2. Materials and Methods

2.1. Chemicals

Gelatin (Type B, Bloom 250, MW∼100 kDa), glucose, and acetic acid were purchased from Aladdin Reagent Database Inc (Shanghai, China). Zein (grade Z3625, 22–24 kDa) was purchased from Sigma Aldrich (St. Louis, MO, USA).

2.2. Solution Preparation

Gelatin (15% w/v) and zein (15% w/v) were dissolved in 80% aqueous acetic acid. Glucose (5% w/v) was then added to the solution in accordance with our previous report [16]. To guarantee full dissolution, all samples were agitated throughout the night.

2.3. Air-Assisted Electrospinning

A schematic illustration of traditional electrospinning and air-assisted electrospinning is shown in Figure 1. To transfer each solution to the needle tip (with an inner diameter of 0.5 mm), a 10 mL syringe was used and pushed through the pressure pump at a rate of 10.0 mL/h for air-assisted electrospinning and a rate of 1.0 mL/h for traditional electrospinning.

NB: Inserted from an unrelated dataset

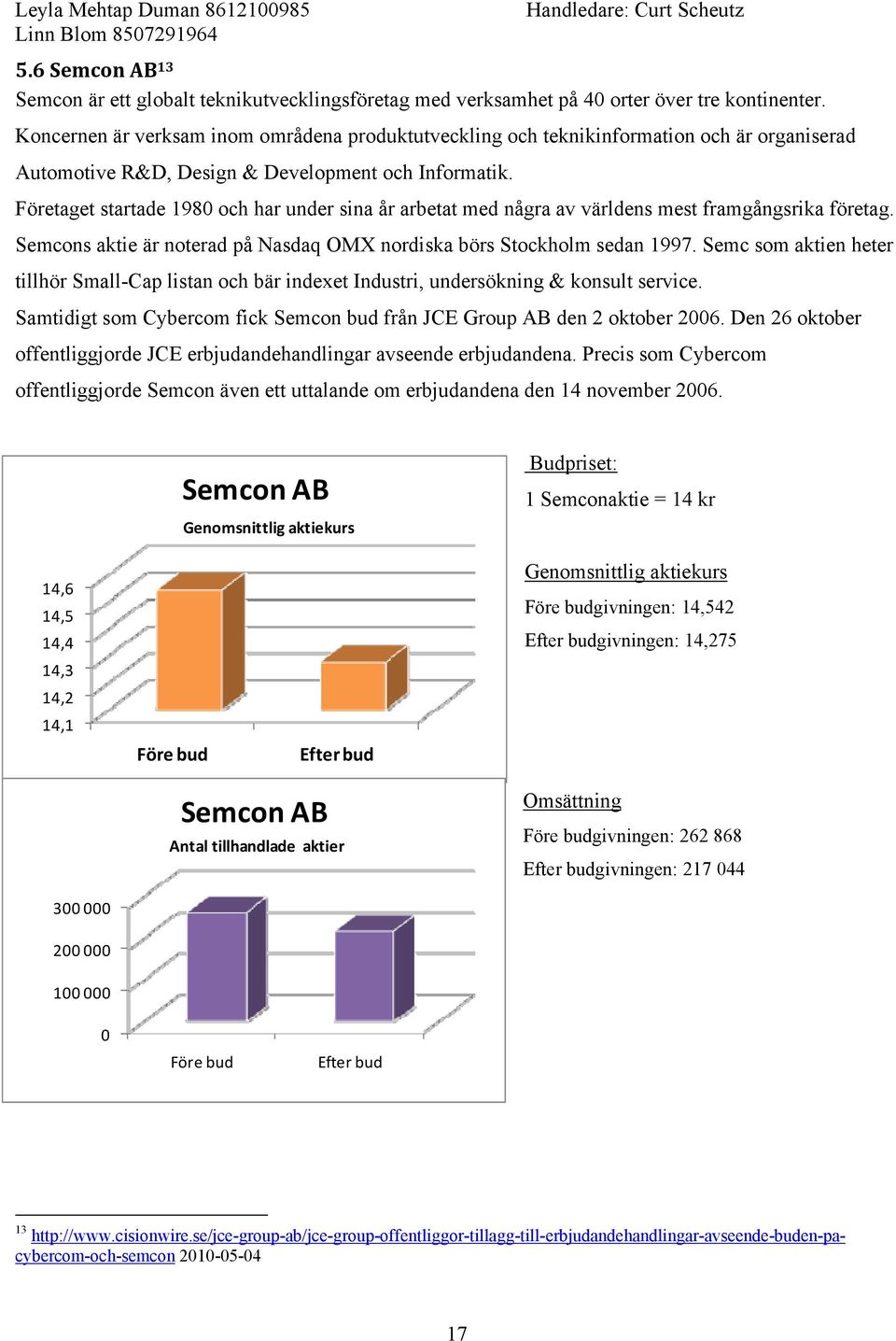 Företaget startade 1980 och har under sina år arbetat med några av världens mest framgångsrika företag. Semcons aktie är noterad på Nasdaq OMX nordiska börs Stockholm sedan 1997.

To create a high-voltage direct-current (DC) electric field, a high-voltage power generator was employed. Air pumps were then used to maintain a 400 L/h airflow rate. With a tip-to-collector distance of 15 cm, the electrospinning voltage was adjusted to 18 kV.

2.4. Maillard Reaction

The Maillard reaction was conducted in a heat- and relative humidity-controlled chamber (DHTHM-16-0-P-SD, Doaho Test Co., Ltd., Shanghai, China) at 60 °C and 50% relative humidity (RH) for 0, 1, 2, 3, 4, and 5 days.

2.5. Fiber Morphologies

Vacuum gold spraying was applied to treat the fibers, and SEM was utilized to evaluate their microscopic morphology (SU8010, Hitachi, Tokyo, Japan). Using Nano Measurer 1.2, the diameters of forty randomly selected fibers were determined from the SEM images, and the related diameter distribution was estimated and fitted.

2.6. Color Analysis

The colorimetric a* (redness) and b* (yellowness) values of the fiber films were measured using a chroma meter (CS-820N, Hangzhou CHNSpec Technology Co., Ltd., Hangzhou, China).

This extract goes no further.